§ **Directions**: The response must contain every line from the records below that has "Thomas".
▶
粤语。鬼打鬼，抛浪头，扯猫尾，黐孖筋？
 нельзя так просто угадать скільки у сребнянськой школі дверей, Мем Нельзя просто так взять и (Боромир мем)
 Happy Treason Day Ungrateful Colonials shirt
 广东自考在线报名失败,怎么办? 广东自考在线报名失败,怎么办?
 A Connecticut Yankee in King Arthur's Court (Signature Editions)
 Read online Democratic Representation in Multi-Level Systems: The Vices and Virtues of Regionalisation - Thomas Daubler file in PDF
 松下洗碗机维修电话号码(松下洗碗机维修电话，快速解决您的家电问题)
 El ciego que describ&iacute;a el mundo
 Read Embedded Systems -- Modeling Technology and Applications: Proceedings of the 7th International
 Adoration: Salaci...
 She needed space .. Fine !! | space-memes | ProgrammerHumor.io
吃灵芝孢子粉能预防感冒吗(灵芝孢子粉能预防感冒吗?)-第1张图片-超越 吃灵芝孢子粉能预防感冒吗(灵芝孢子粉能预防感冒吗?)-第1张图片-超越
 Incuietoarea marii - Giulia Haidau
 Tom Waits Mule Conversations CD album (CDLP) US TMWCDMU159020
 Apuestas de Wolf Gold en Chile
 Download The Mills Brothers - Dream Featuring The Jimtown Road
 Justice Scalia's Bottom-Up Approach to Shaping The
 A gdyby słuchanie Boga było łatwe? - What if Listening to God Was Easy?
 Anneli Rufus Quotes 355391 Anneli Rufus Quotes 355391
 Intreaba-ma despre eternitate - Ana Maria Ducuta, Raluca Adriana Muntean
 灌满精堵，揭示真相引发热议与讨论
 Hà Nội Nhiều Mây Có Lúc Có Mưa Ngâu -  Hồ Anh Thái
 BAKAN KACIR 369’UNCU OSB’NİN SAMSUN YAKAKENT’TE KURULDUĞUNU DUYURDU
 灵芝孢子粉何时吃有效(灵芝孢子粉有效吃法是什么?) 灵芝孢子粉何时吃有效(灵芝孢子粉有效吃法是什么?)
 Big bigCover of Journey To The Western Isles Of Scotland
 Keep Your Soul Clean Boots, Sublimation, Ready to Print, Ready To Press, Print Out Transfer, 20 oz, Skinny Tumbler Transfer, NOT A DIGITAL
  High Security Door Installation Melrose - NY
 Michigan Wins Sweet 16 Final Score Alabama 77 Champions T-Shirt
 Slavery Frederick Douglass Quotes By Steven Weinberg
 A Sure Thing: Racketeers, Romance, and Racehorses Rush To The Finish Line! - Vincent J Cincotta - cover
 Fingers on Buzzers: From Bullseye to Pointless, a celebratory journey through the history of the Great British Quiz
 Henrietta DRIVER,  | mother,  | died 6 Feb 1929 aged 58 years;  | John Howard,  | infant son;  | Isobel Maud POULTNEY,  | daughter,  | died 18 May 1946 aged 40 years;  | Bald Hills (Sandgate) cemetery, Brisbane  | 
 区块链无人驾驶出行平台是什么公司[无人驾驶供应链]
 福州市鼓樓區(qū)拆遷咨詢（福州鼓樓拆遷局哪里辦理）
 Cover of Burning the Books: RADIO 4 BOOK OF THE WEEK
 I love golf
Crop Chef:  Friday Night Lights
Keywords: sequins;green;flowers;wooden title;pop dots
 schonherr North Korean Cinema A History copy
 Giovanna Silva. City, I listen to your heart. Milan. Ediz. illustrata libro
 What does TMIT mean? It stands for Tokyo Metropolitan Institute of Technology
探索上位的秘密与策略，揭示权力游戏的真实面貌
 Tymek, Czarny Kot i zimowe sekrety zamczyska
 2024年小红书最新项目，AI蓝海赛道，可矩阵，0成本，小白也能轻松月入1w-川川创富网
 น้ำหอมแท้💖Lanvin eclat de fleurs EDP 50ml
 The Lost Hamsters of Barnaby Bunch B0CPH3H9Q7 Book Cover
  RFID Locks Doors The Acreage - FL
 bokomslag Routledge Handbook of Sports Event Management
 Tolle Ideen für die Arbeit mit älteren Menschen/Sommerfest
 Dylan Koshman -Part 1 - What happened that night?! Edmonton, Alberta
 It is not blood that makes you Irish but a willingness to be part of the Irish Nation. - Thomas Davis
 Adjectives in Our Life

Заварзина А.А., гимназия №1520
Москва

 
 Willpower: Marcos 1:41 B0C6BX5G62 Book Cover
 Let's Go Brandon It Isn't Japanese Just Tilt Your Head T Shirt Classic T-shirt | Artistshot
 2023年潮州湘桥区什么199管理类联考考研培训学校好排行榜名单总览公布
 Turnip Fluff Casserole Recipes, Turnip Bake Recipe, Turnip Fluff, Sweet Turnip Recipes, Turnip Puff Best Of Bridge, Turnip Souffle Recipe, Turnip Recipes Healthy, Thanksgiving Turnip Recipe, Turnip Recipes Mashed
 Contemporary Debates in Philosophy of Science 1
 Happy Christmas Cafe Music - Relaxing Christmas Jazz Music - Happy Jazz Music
◀
§ **Output of the exercise**:
 Read online Democratic Representation in Multi-Level Systems: The Vices and Virtues of Regionalisation - Thomas Daubler file in PDF
 It is not blood that makes you Irish but a willingness to be part of the Irish Nation. - Thomas Davis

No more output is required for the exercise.